?>
The applyConcept action performs concept extraction using a predefined or custom concept extraction model (a LITI file). It is part of the Text Analytics Rule Score action set, which provides tools for linguistic rule scoring for categorization, concept extraction, and sentiment analysis. This action processes an input text document or a table of documents and identifies occurrences of concepts defined in the model, outputting detailed match information.
| Parameter | Description |
|---|---|
| casOut | Specifies the output CAS table to store the concept match results. |
| docId | Specifies the name of the variable in the input table that contains the document IDs. |
| dropConcepts | Specifies a list of concept names to exclude from the output tables.

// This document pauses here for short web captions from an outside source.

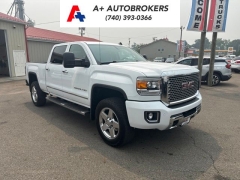  2015 GMC Sierra 2500 4WD Crew Cab Denali at A&plus; Autobrokers near Mt&period; Vernon&comma; OH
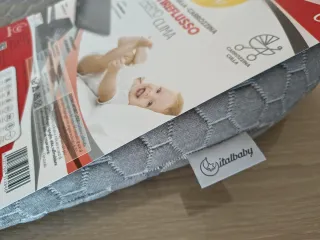 Cojín cuña antirreflujo bebé Italbaby 0+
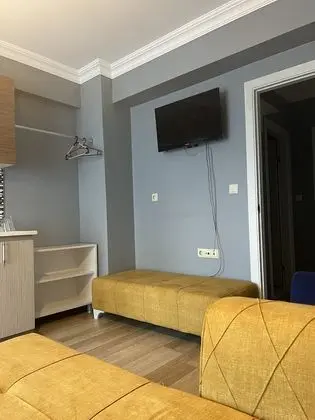 Standard Apart Daire, 1 Yatak Odası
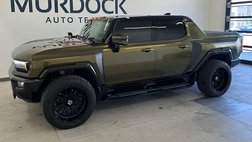 2022 GMC HUMMER EV Edition 1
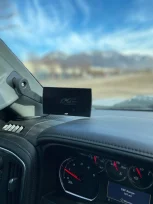 Edge A-Pillar Display Mount (28601) for 2020-2023 Duramax L5P & 2019-2022 GM 1500 - Image 2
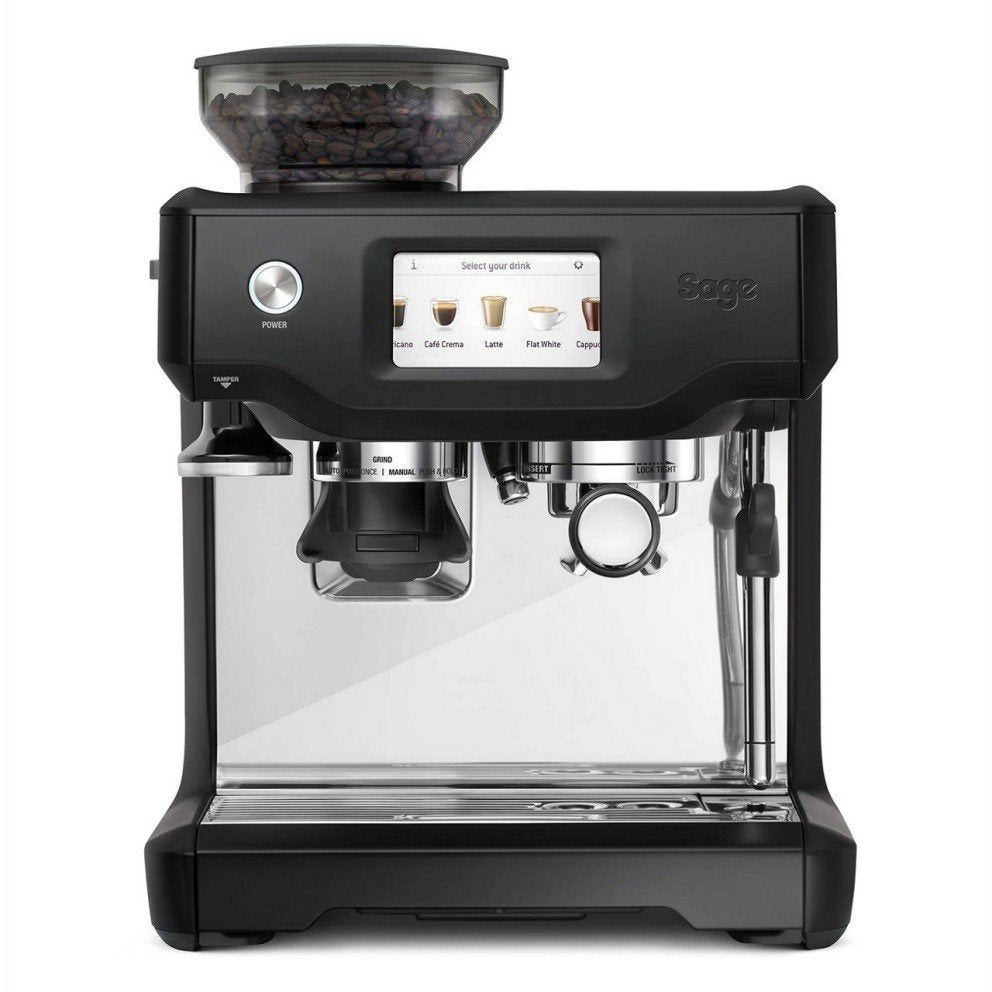 Cafetera Sage Espresso Machine Barista Touch Matt Black — InpexOpcion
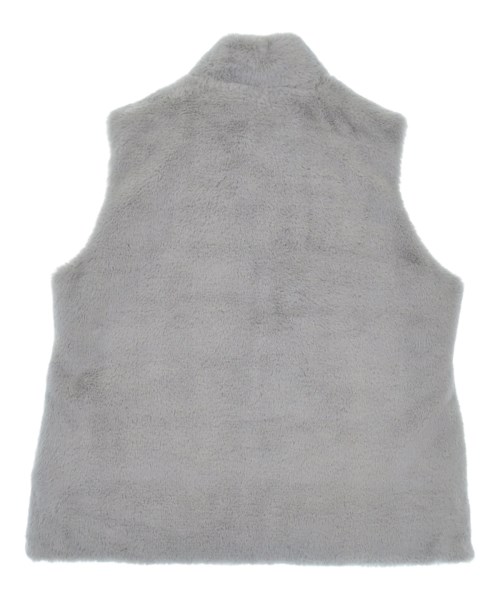 JEAN-LOUIS SCHERRER（ジャンルイシェレル）ダウンジャケット/ダウンベスト グレー サイズ:XL レディース/2200630688090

This is useful for filtering out predefined concepts without modifying the model. |
| factOut | Specifies the output CAS table for storing fact match results. |
| language | Specifies the language of the input text. Default is 'ENGLISH'. |
| litiChunkSize | Specifies the chunk size for document processing (e.g., '32K', '1M', 'ALL'). Smaller sizes can help manage memory for large documents. Default is '32K'. |
| matchType | Specifies the matching strategy: 'ALL' for all matches, 'BEST' for the best match, or 'LONGEST' for the longest match. Default is 'ALL'. |
| model | Specifies the input CAS table containing the user-defined LITI (Language Interpretation for Text Information) model for concept extraction. |
| parseTableIn | Specifies a CAS table containing pre-parsed documents from a previous run, which can improve performance, especially when using the CLAUS_n operator. |
| parseTableOut | Specifies a CAS table to save pre-parsed documents, which can be used as input for future runs to improve performance. |
| ruleMatchOut | Specifies the output CAS table to store detailed rule match information, which can be used as input for the ruleGen action. |
| table | Specifies the input CAS table that contains the documents to be processed. |
| text | Specifies the name of the variable in the input table that contains the document text. |
This example creates a sample CAS table named 'my_documents' with two columns: 'doc_id' for the document identifier and 'text' for the document content. This table will be used as input for the concept extraction.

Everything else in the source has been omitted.